Stando all'inviato del quotidiano 'The Wall Street Journal', facente parte della delegazione di giornalisti ammessi a visitare il Tibet, in ognuno dei templi di Lhasa i monaci sarebbero rimasti segregati dal 14 marzo scorso: il reporter non soltanto lo avrebbe appreso dagli interessati, ma se lo sarebbe sentito confermare persino da fonti governative locali, ovviamente anonime.
I tre principali monasteri della capitale tibetana, quelli di Drepung, Ganden e Sera, sarebbero circondati da squadre delle unità speciali della polizia; gli agenti in assetto anti-sommossa sarebbero armati fino ai denti, pronti a stroncare il minimo tentativo di rompere il blocco. Per tale ragione i tre templi non sarebbero stati inclusi nella lista dei siti buddhisti dove i giornalisti in visita sono potuti entrare.

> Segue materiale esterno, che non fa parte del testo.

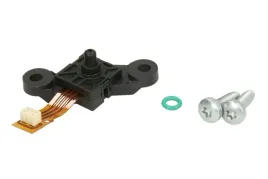 zestaw-naprawczy-mechanicznej-skrzyni-biegow-421-367-900-2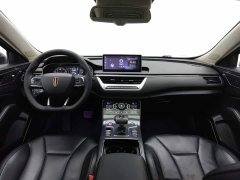 Hongqi H5 2020 1.8T Automatic Intelligent Link Edition - фото 5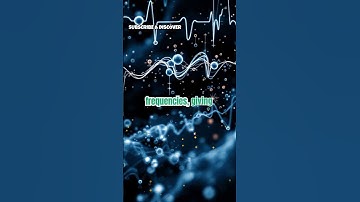 String Theory: Unraveling the Mysteries of the Universe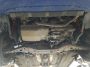 Seat Cordoba manual Engine Protection Plate - SMP30.142K (1544T)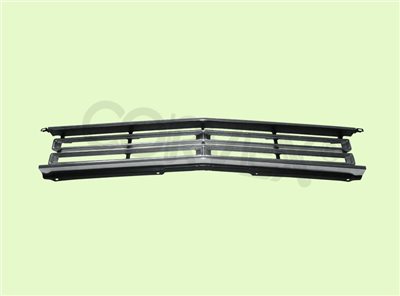 PART #:   CR01-G69 ∞  GRILLE  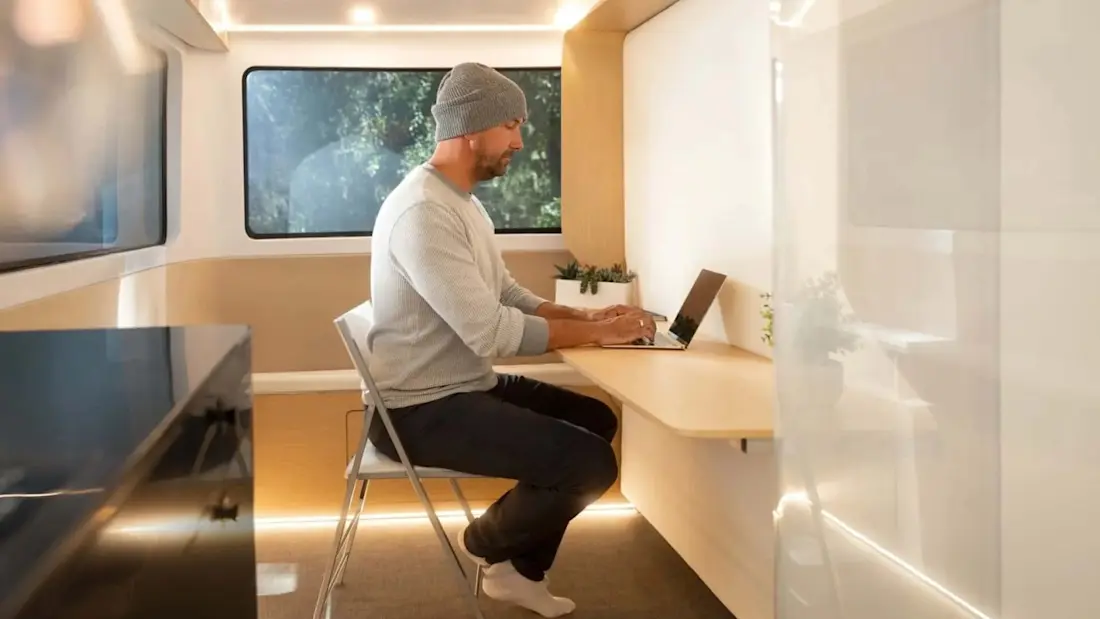 pebble-flow-caravan-2023-4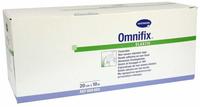 PZN-DE 00255622, Paul Hartmann 900605, Paul Hartmann Hartmann Omnifix elastic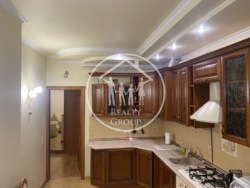 ��������� �������� ����������, 2, ����, ��������, ������������� ���� 1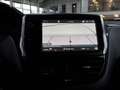 Peugeot 2008 B.AUTO, 110CV, NAVI,CARPLAY,BLUETOOTH, GARANTIE Grau - thumbnail 11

«Per quanto ne sappiamo», ha nel frattempo denunciato ancora Chilain, «alcuni separatisti dentro e fuori dalla Cina stanno cercando di sabotare la staffetta della torcia olimpica in territorio tibetano. Noi comunque», ha ammonito il vice presidente dell'amministrazione pro-cinese, «siamo fiduciosi, e in grado di garantire la sicurezza della staffetta olimpica, e di condurre la torcia fino al culmine». È previsto per lunedì prossimo l'arrivo a Pechino, dove i Giochi si disputeranno dall'8 al 27 agosto, della fiamma che simboleggia l'Olimpiade.